The scientists seem to believe they can prevail by explaining the basis of climate change in clearer terms, while asserting the partisan motives of "climate deniers." This has been the strategy since the early days of the Bush administration, yet for many members of the public, a decade of claims about the "war on science" are likely ignored as just more elite rancor, reflecting an endless cycle of technical disputes and tit-for-tat name calling. What are needed are strategies that transcend the ideological divide, rather than strengthen it. Most importantly, snarling, finger-in-the-eye responses to the skeptics risk alienating the more than one-third of Americans (PDF) who remain ambivalent about climate change.
To be sure, there is a need for better, clearer explanations of the science, but it's wrongheaded to imagine that researchers and their organizations could ever compete effectively, in the long term, in a political debate with climate skeptics and their allies at the Chamber of Commerce and Fox News. Instead of exaggerating the problem of an allegedly hostile American public, scientists need to wake up to the fact that they continue to enjoy almost unrivaled trust and communication capital. Consider that a recent Yale/George Mason University survey finds 74 percent of Americans trust scientists as a source of information about climate change. Though this figure is down slightly since 2008, scientists still outrank every other societal group or political figure on the trust index by a wide margin. The numbers hold even among groups that might seem most antagonistic to science: A recent analysis (conducted by me and several colleagues) found that 77 percent of evangelicals under 35 trust scientists as a source of information about global warming.
Climate skeptics hope to erode this trust by drawing scientists out into the open of political debate. Instead of going on the counterattack, scientists and their organizations should employ their communication capital by partnering with opinion leaders from other sectors of society and engaging with local communities through public meetings and social media. By creating a public dialogue on climate change in cities and towns across the country, they can make the issue more personally relevant without getting mired in ideological differences. In these contexts, scientists and their community partners can talk about climate change as more than just an environmental problem. They can frame the issue in terms of national security, religion, public health, or economics—with an emphasis on policies that would lead to societal benefits rather than sacrifice and hardship.

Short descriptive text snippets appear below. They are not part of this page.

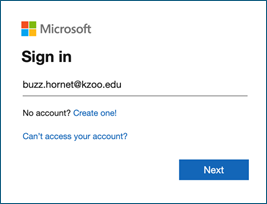 Microsoft Sign In prompt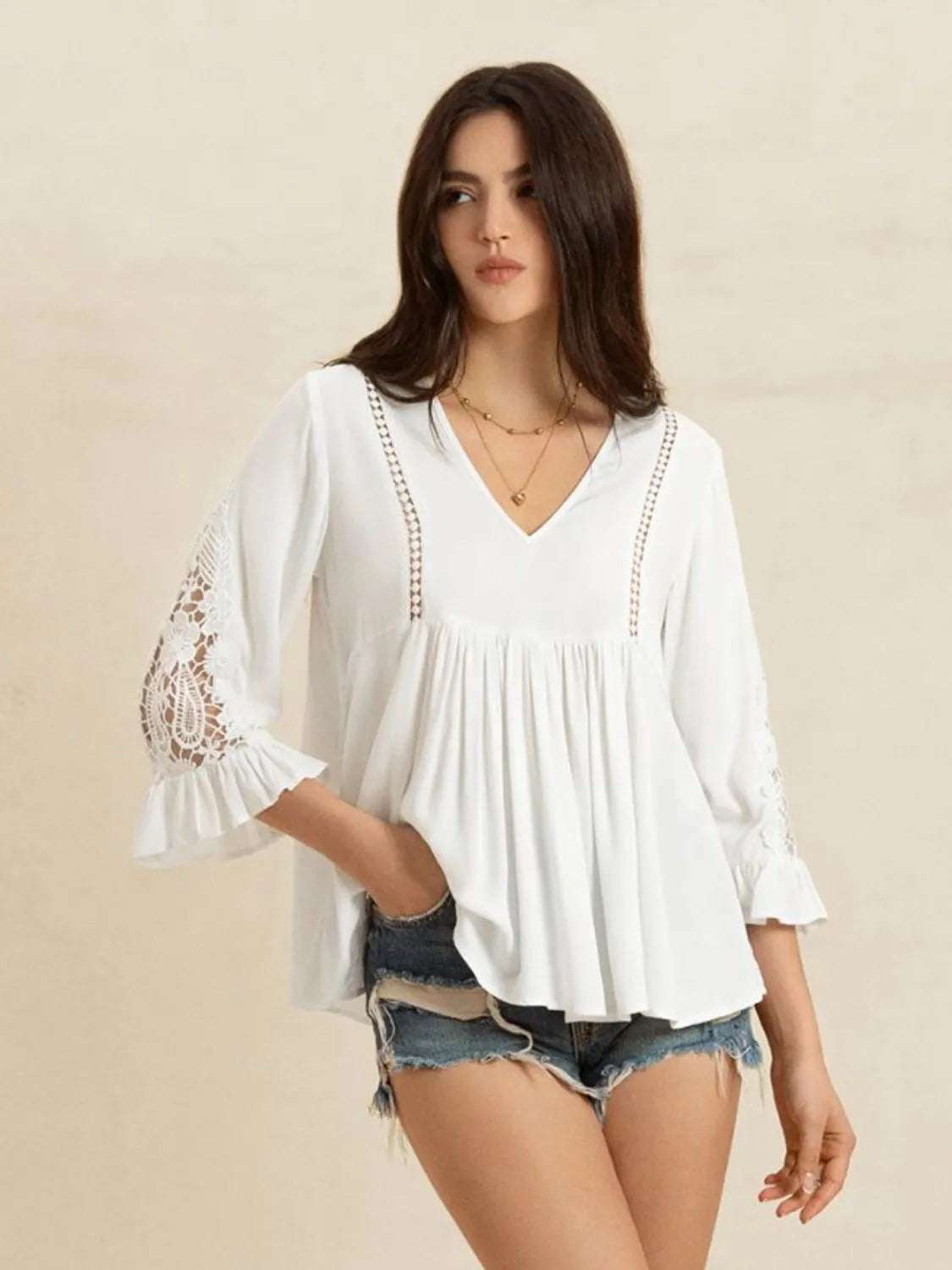V-Neck Lace Flounce Sleeve Top - Premium Women / Tops from Trendsi - Just $33.50! Shop now at Handbags Specialist Headquarter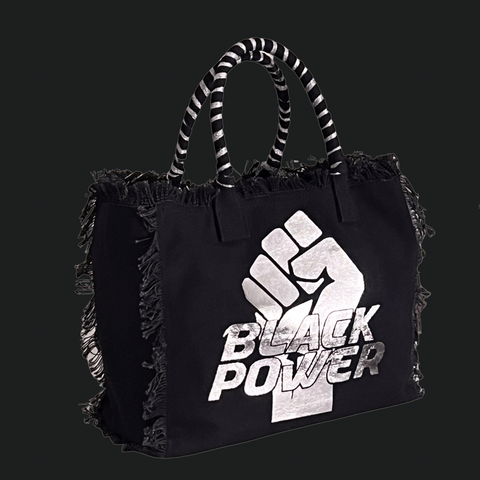 Black Power Shoulder Tote - Mesh - Blk/Silver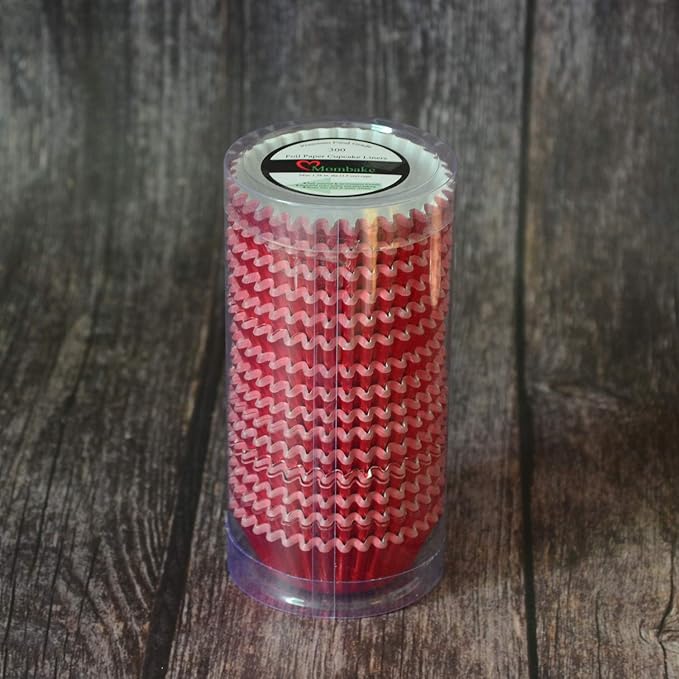Mini Red Foil Cupcake Liners Muffin Baking Cups for Party and More, 300-Count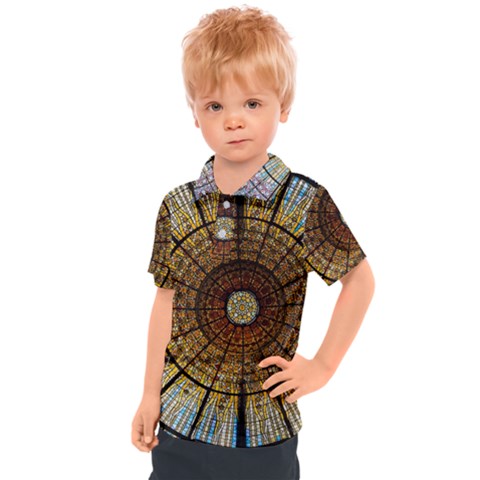 Barcelona Stained Glass Window Kids  Polo Tee by Amaryn4rt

Here's the best part: These partnerships with opinion leaders, from clergy to CEOs, would do far more than educate the public; they would educate scientists, too. By getting out of the lab and away from their echo chamber of like-minded views about climate politics, researchers would learn how other people view climate change, and what should and can be done about it. In the end, scientists are better off as community-based diplomats than cable news and blogosphere culture warriors.